USA Today’s attempt to boost engagement through personalized webpages comes at a time when social platforms are taking up people’s attention. Users spend more than 35 minutes per day on both Facebook and YouTube, according to influencer agency Mediakix. Meanwhile, most publishers are happy when users spend five or six minutes in their app per day.
Session length is also becoming increasingly important for publishers as high time spent on-site has become associated with premium offerings. To keep users glued to their properties, publishers are experimenting with various tactics. Bleacher Report got people to spend more than five minutes per day in its app by introducing a tab for Vine-like video loops. The Outline increased time spent per session by 30 percent by embedding 3-D objects into articles. Forbes increased its average session length by nearly 40 percent by redesigning its mobile site to include Snapchat-like cards.
One example of how USA Today’s new webpages work is that users who rarely visit the site and are referred to it from search have their homepage organized by trending topics like North Korea’s missile test and Hurricane Harvey, while users who regularly visit the site receive a more traditional layout organized around topics like news, sports and money. Another example: A user who regularly reads articles about the same sports team will see articles about that particular team on the homepage more often.

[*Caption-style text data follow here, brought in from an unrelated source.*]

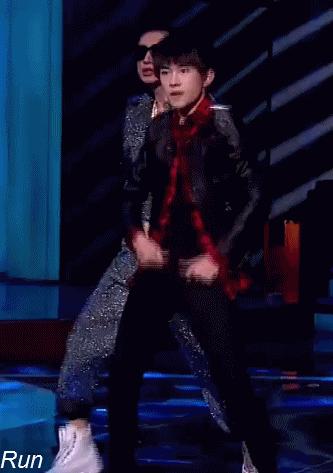 行走的荷尔蒙易烊千玺,易烊千玺荷尔蒙爆棚完整版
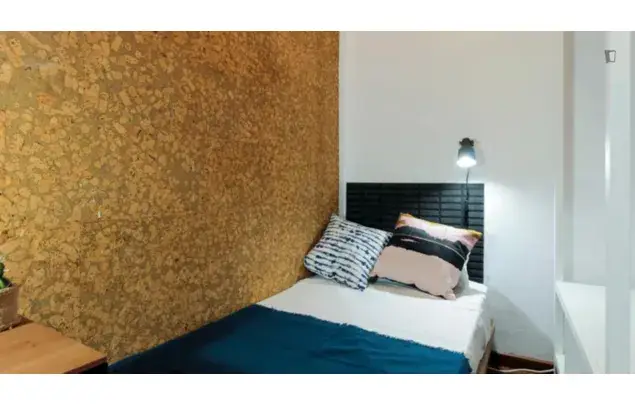 Apartamento 7 Dormitorios Barcelona Centro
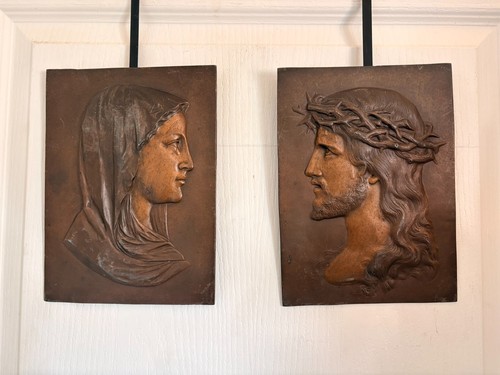 Paire plaque bas relief - paire,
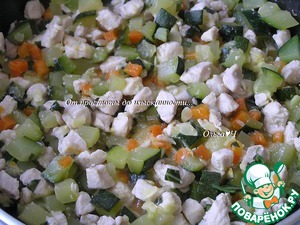 Рагу из курицы с цукини, базиликом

The new layout was created using the open-source JavaScript library Polymer, which was built by Google developers. Polymer allowed USA Today’s tech team to code elements of its webpages as separate components so that they can be reconfigured on the fly in endless combinations to suit a specific user’s tastes. For about 90 days, a team of 10 developers and engineers spent 60-80 percent of their time working on the launch of this product, Jedlinski said. That same team then spent another four months testing and monitoring the product’s features.
In the next six months, the company plans to roll out the product to all users across desktop and mobile for not just USA Today but also its local newspaper affiliates like the Detroit Free Press and The Des Moines Register.
“Our goal is really to build a foundation for experimentation and for an adaptive experience that isn’t one-size-fits-all,” Jedlinski said.